SOURCE DATA >>

┄┄┄┄┄┄┄┄┄┄

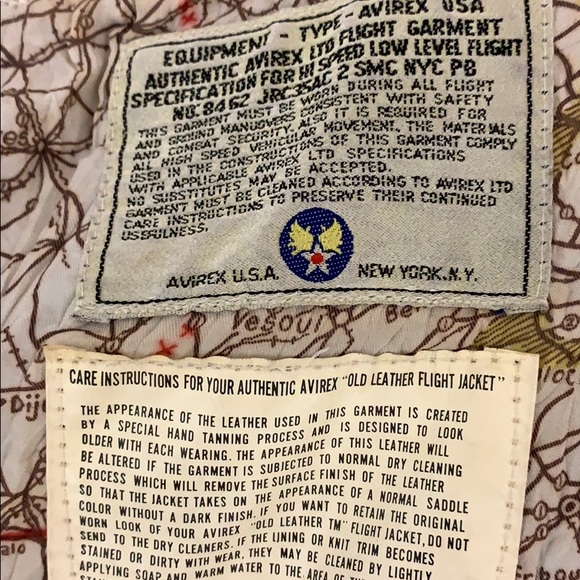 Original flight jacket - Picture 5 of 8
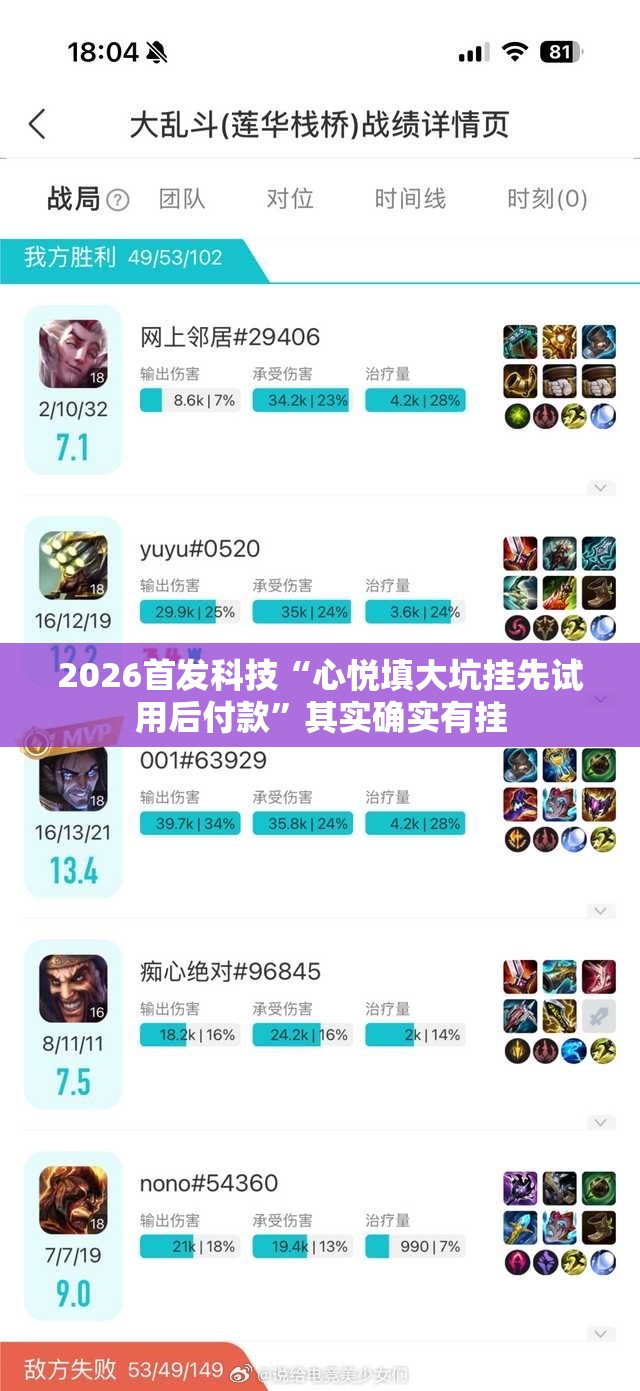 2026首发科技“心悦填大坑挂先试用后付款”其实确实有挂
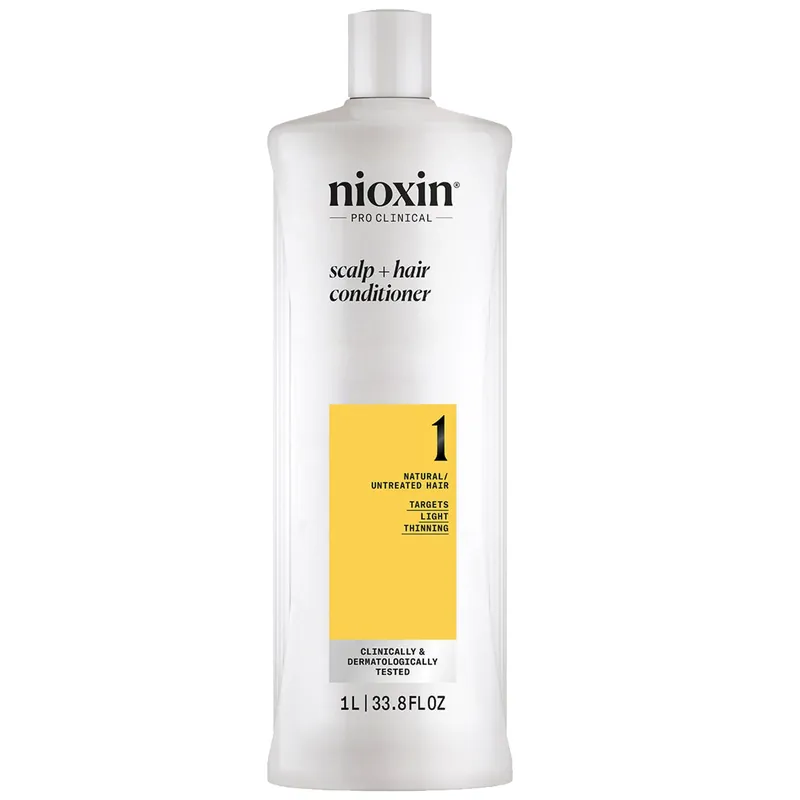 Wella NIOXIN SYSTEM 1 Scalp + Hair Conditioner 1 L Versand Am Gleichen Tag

┄┄┄┄┄┄┄┄┄┄

WHAT IS EXPECTED >> Each line above is to be transcribed exactly, though its pictures are not.

THE ANSWER >>
 Original flight jacket - Picture 5 of 8
 2026首发科技“心悦填大坑挂先试用后付款”其实确实有挂
 Wella NIOXIN SYSTEM 1 Scalp + Hair Conditioner 1 L Versand Am Gleichen Tag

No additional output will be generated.